TASK MATERIAL:
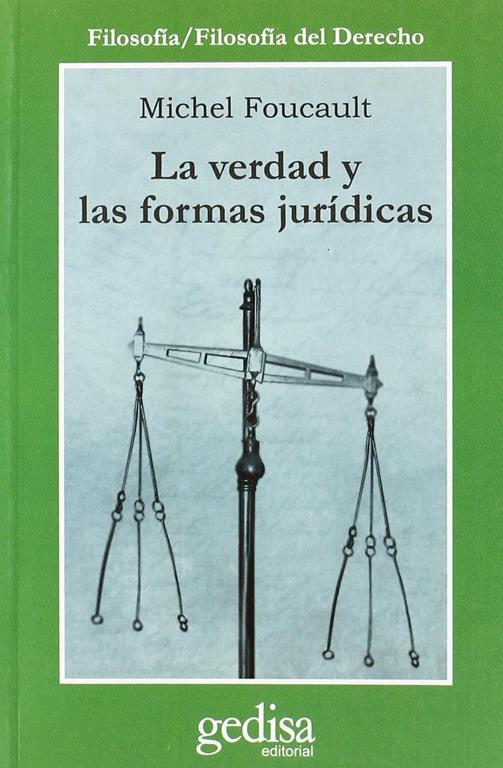 La verdad y las formas jur&iacute;dicas (Spanish Edition)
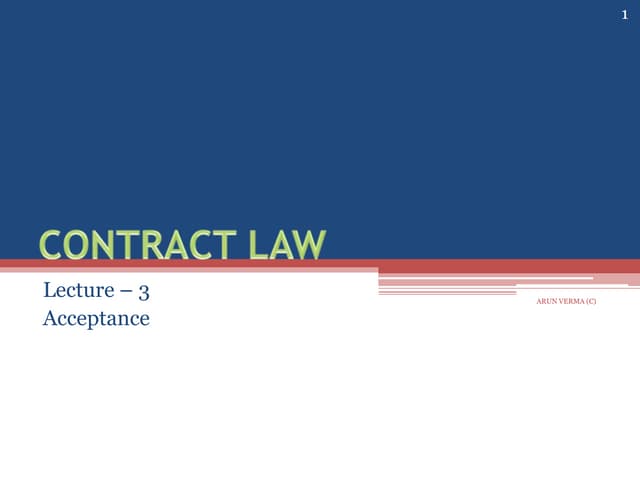 Contract Law Lecture 3 Acceptance Pptx Contract Law Lecture 3 Acceptance Pptx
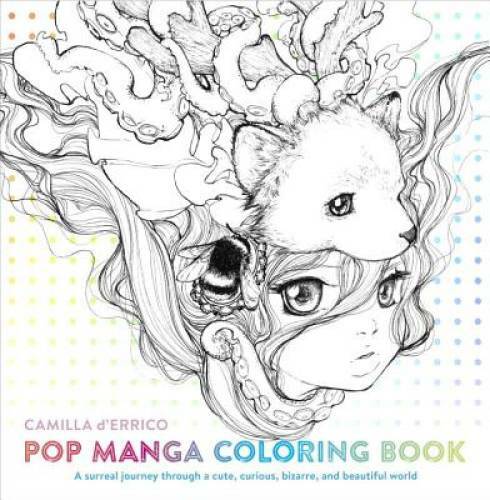 Pop Manga Coloring Book: A Surreal Journey Through a Cute, Curious, Bizar - GOOD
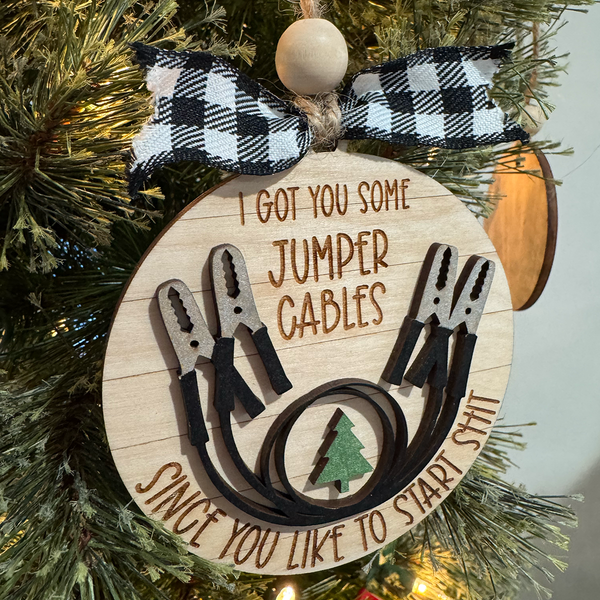 I got you some jumper cables since you like to start shit | funny ornament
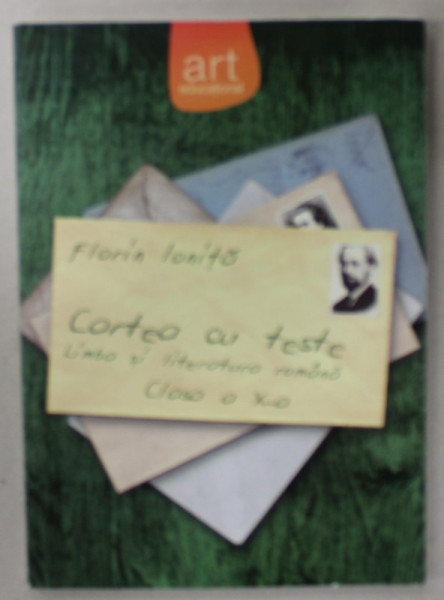 LIMBA SI LITERATURA ROMANA , CARTEA CU TESTE , CLASA A X-A de FLORIN IONITA , 2012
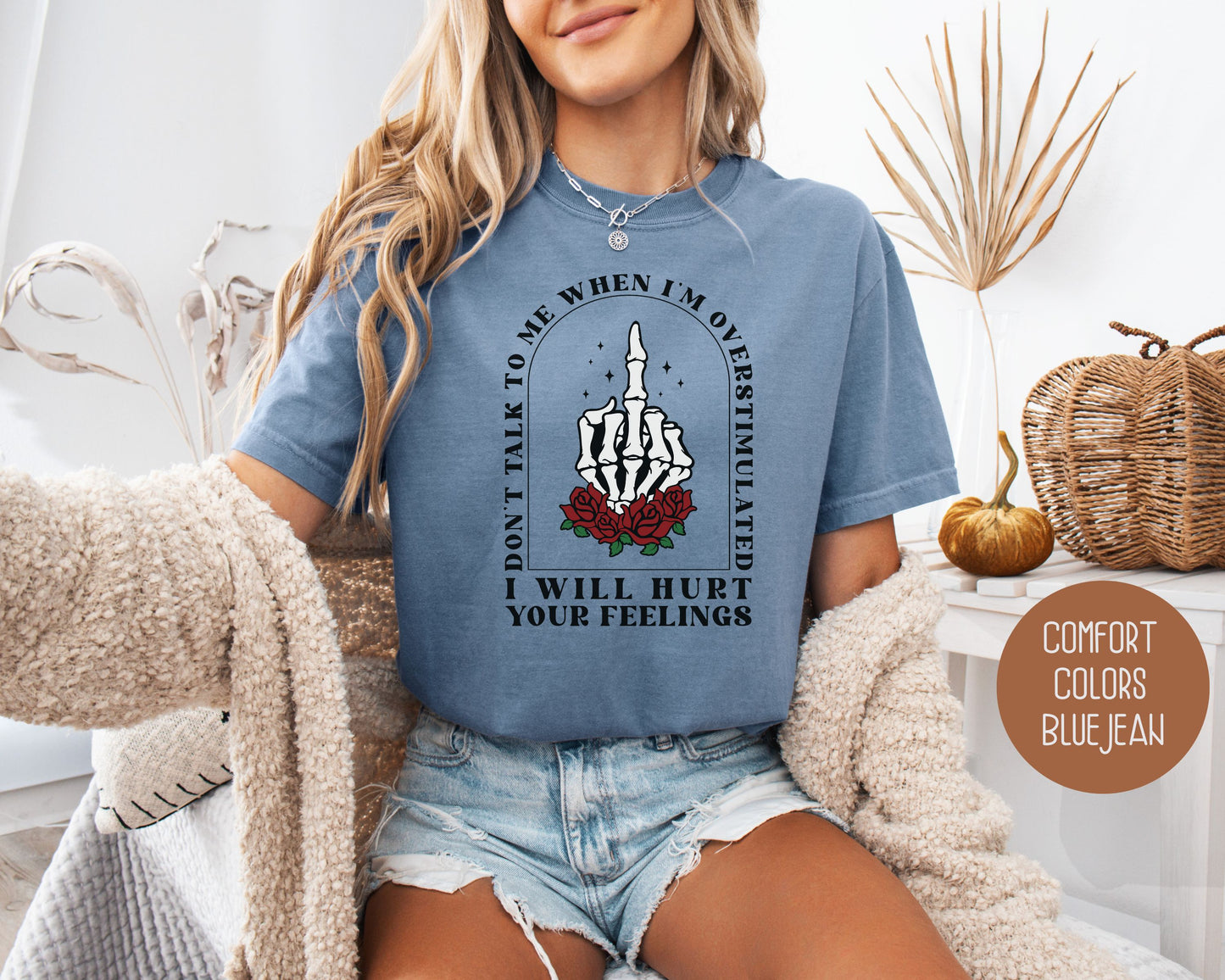 Don't Talk To Me When I'm Overstimulated Comfort Colors Shirt, Funny Adult Sarcastic Tee, Sassy Introvert I Will Hurt Your Feelings Skeleton T-Shirt  CreativeSpecialTs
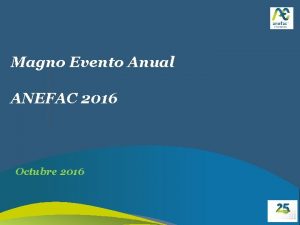 Magno Evento Anual ANEFAC 2016 Octubre 2016 V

EXERCISE PROMPT: Repeat each line above exactly as it reads, omitting any pictures.

RESULT OF THE EXERCISE:
 La verdad y las formas jur&iacute;dicas (Spanish Edition)
 Contract Law Lecture 3 Acceptance Pptx Contract Law Lecture 3 Acceptance Pptx
 Pop Manga Coloring Book: A Surreal Journey Through a Cute, Curious, Bizar - GOOD
 I got you some jumper cables since you like to start shit | funny ornament
 LIMBA SI LITERATURA ROMANA , CARTEA CU TESTE , CLASA A X-A de FLORIN IONITA , 2012
 Don't Talk To Me When I'm Overstimulated Comfort Colors Shirt, Funny Adult Sarcastic Tee, Sassy Introvert I Will Hurt Your Feelings Skeleton T-Shirt  CreativeSpecialTs
 Magno Evento Anual ANEFAC 2016 Octubre 2016 V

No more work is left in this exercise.